### [Stored entries]
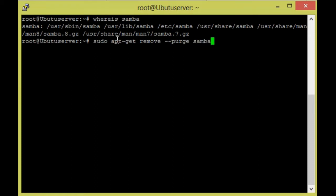The purge command will remove the packages and also configuration files from the operating system. So just give enter.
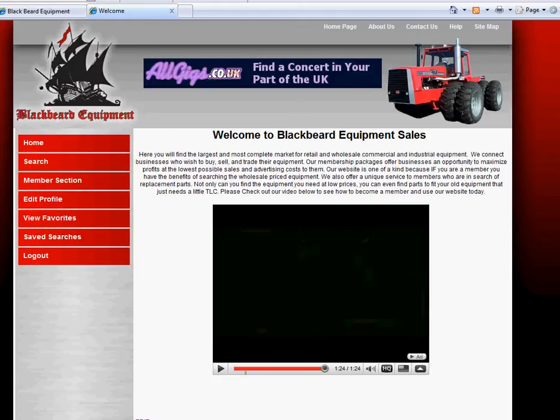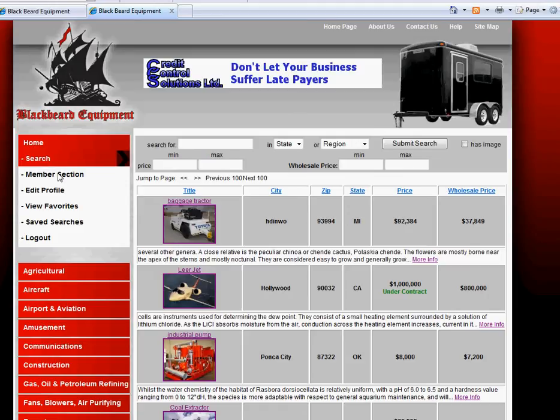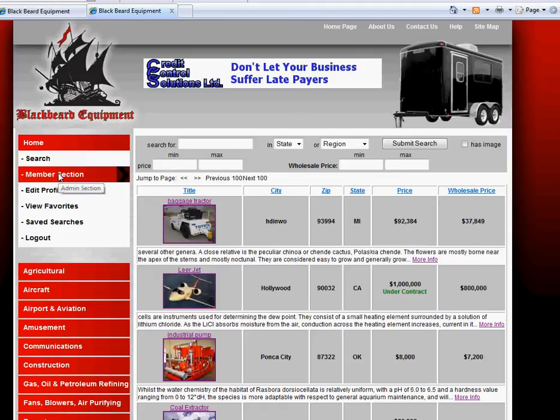From the home page, click search. When you are a member, a box will show you the wholesale prices.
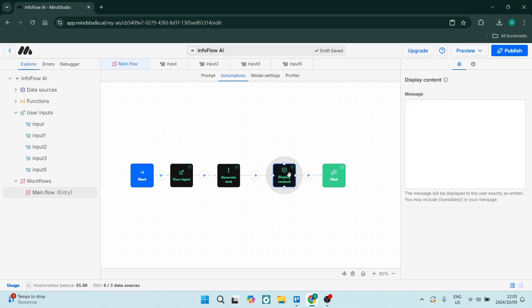Once you are done you can go and click on publish. I have published before and it does look good. However, it's very low key and it's very simple, but it does work at the end of the day. So you can play around with it and check out if Mind Studio is actually going to work for you.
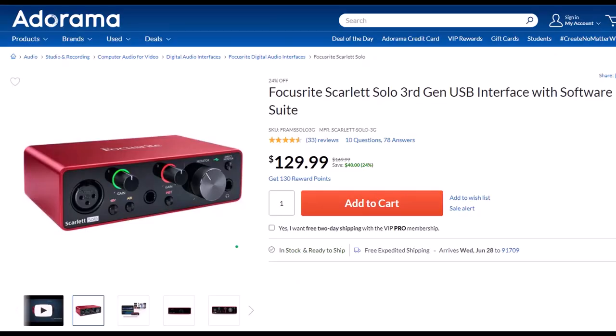Focusrite Scarlett Solo third-gen USB interface with software suite. I've been using a Focusrite for years for my audio needs. Before that I had a USB microphone that plugged directly into the computer, but if you want to increase the quality of your microphone you will need an interface, and the Focusrite is the go-to interface as far as I'm concerned. It works well, is easy to use, and seems durably built. If you have multiple microphones or instruments to plug in, you can look at a similar model that has more input ports.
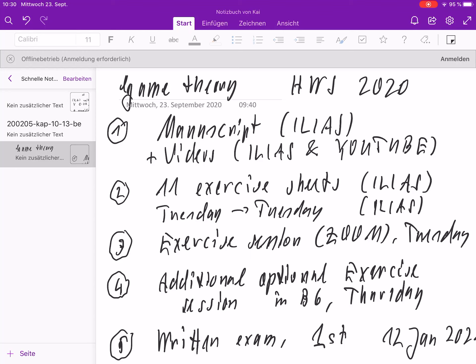You will have up to one week to submit your solutions — one week later on Tuesday until noon, you should submit your solutions via Ilias. Each exercise sheet is worth 16 points, and in order to be allowed to the written exam at the end of the course, you should reach at least half of the points of all exercise sheets together, that means 11 times 8: 88 points.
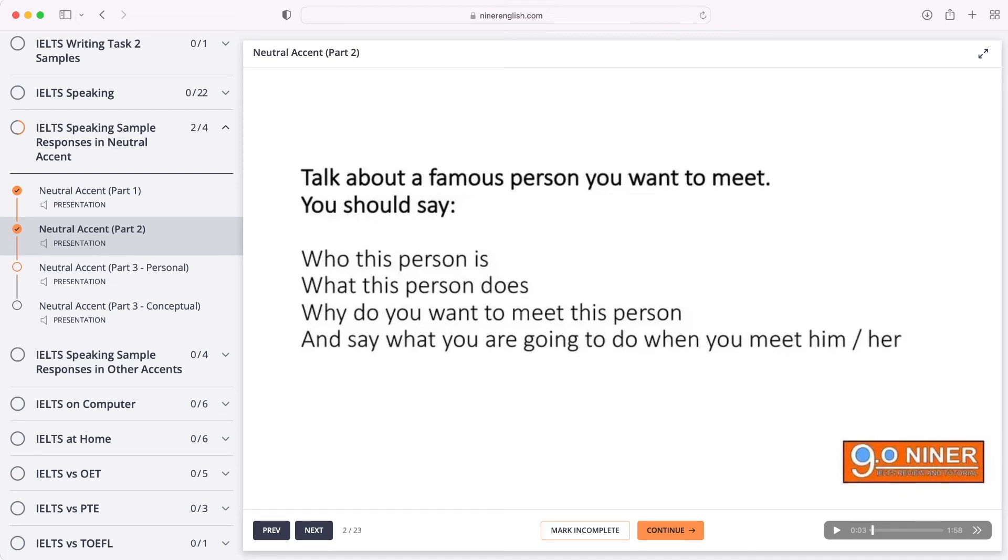Once you finish the course, the circle on the left of the course title highlights orange, which means that you have completed the chapter already. This allows for easier tracking of your dashboard progress.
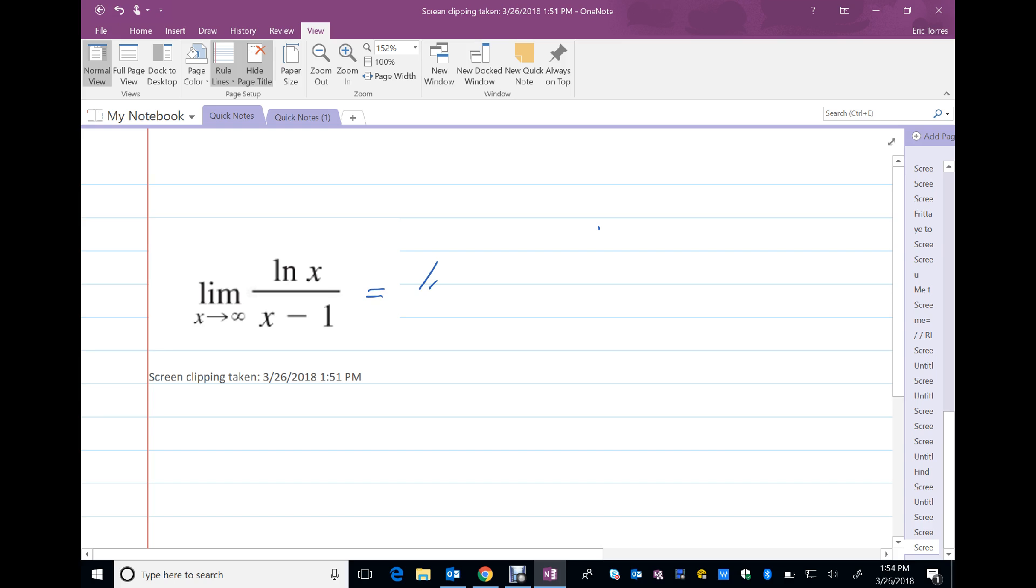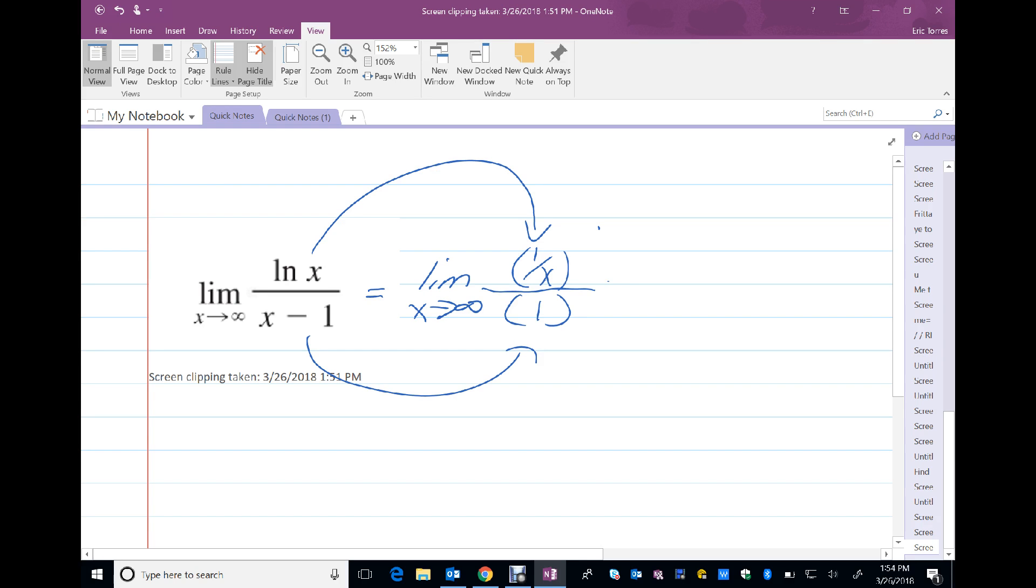Therefore, L'Hopital's rule applies, and I can calculate this limit by taking the derivative of the numerator and dividing it by the derivative of the denominator. And of course, this reduces.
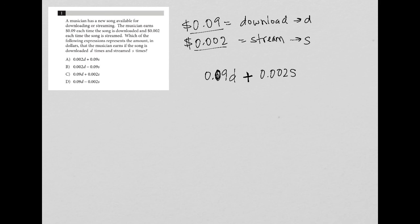So the proper answer here would therefore have to be choice C.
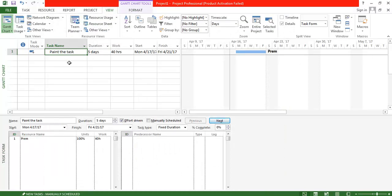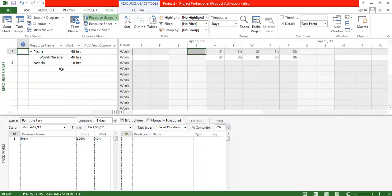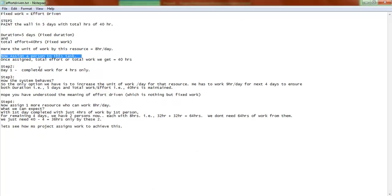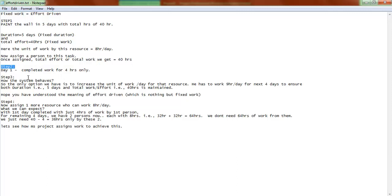Now, to understand effort-driven behavior, we look at how those 40 hours are assigned. Viewing the Resource Usage screen, you can see the hours split as eight hours each day across five days. Now for Step 2: let's assume that on Day 1, the assigned person was only able to complete four hours of work instead of eight.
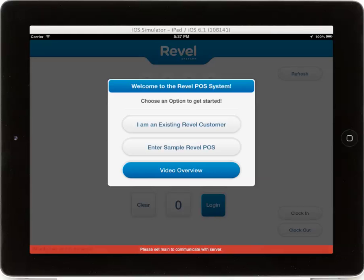Hello and welcome to the Revel Systems video training library for build 1487. With this video we will walk through the initialization process after downloading an app or re-downloading an app and entering it for the first time.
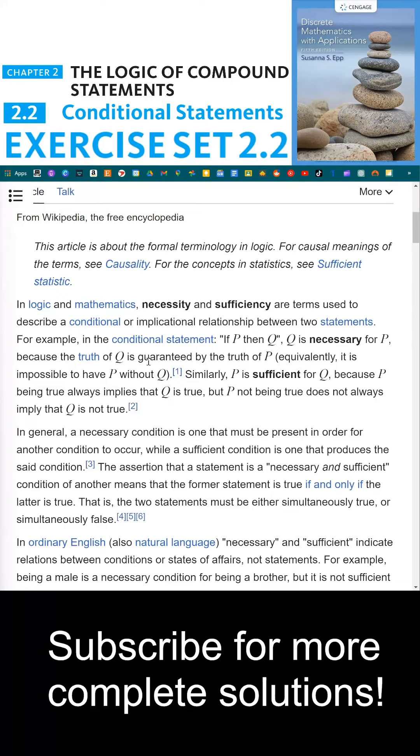Because the truth of Q is guaranteed by the truth of P. Equivalently, it is impossible to have P without Q.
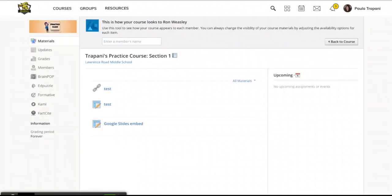And right at the top, you'll see a little note. This is how your course looks to the name of your student. And as you scroll down, you can click on any of the assignments or their corresponding attachments to see it exactly how the students will see it on their end.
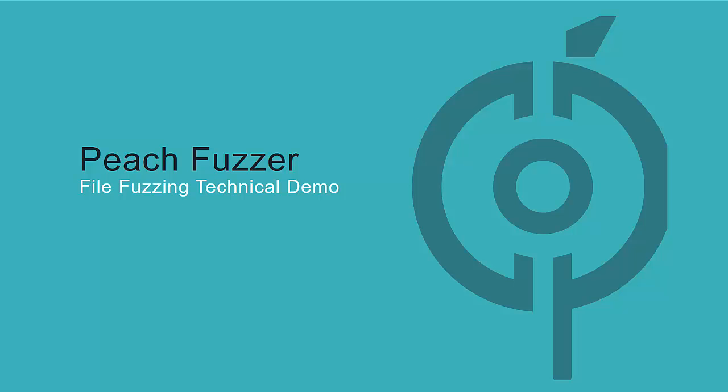Welcome to an introduction to file fuzzing using the PeachFuzzer platform. In this video, we will provide a brief technical demonstration to set up PeachFuzzer to test a PNG file consumer.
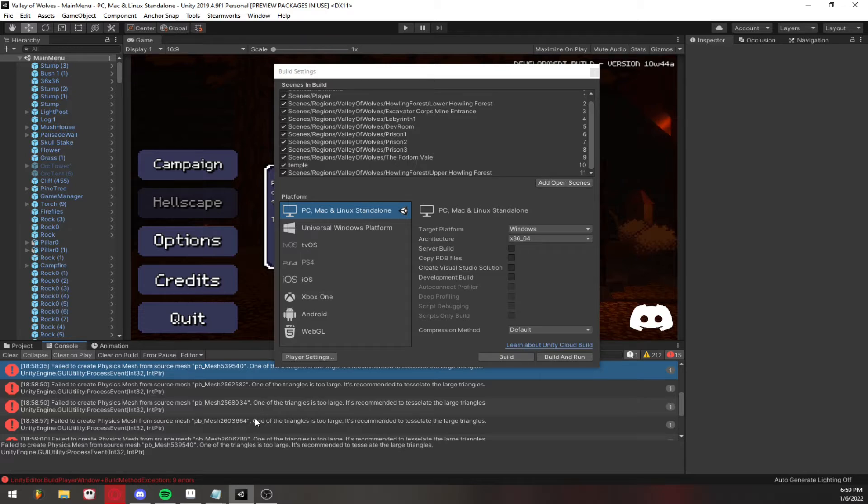From what I've seen is that each time you build the game, once you get this error, it will give you different meshes and you won't really ever see the same one twice.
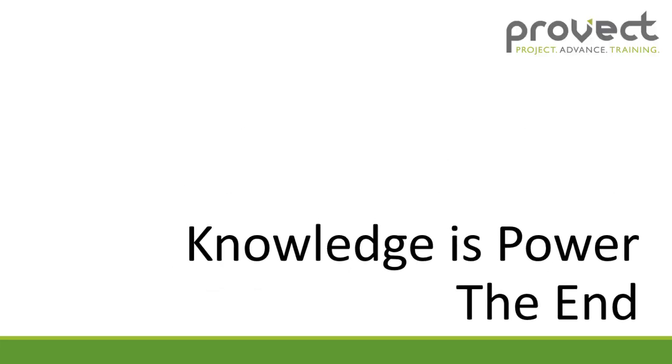Thanks for watching this video. And if it was helpful please like it, or watch some of my other Project Libre videos. And the link to my channel can be seen in the description below. And remember, knowledge is power.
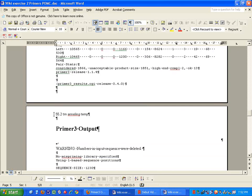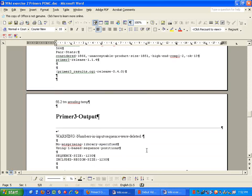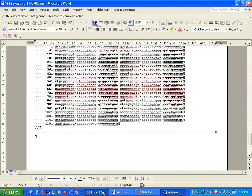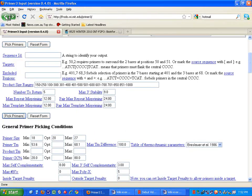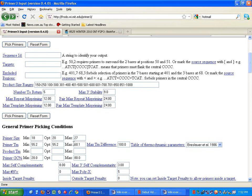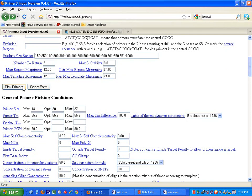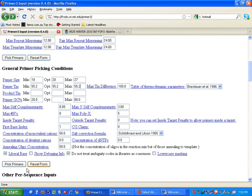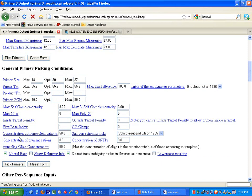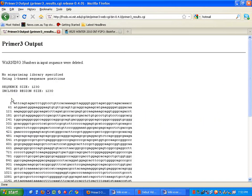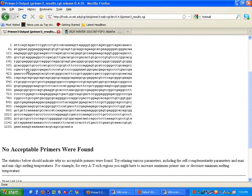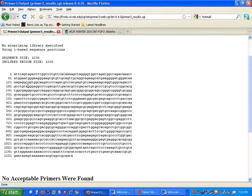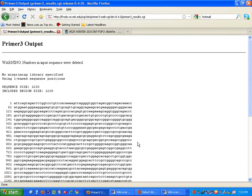Now, if we're looking for a 55.2 annealing temperature simple, which is the next one, I'll just follow the same thing. We'll go back. And we're driving it to 55.2. As you can see, I'm placing the minimum, max, and the optimal all at one. If not, the program does not listen to you and doesn't do what you want. As you can see, it doesn't like it and didn't generate any primers at all.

### [Required action]
Give back exactly the lines above from the one with "Now, to understand" through the one with "Because the truth", both included. Pictures don't belong in the copy.

### [Your response]
Now, to understand effort-driven behavior, we look at how those 40 hours are assigned. Viewing the Resource Usage screen, you can see the hours split as eight hours each day across five days. Now for Step 2: let's assume that on Day 1, the assigned person was only able to complete four hours of work instead of eight.
Hello and welcome to the Revel Systems video training library for build 1487. With this video we will walk through the initialization process after downloading an app or re-downloading an app and entering it for the first time.
Because the truth of Q is guaranteed by the truth of P. Equivalently, it is impossible to have P without Q.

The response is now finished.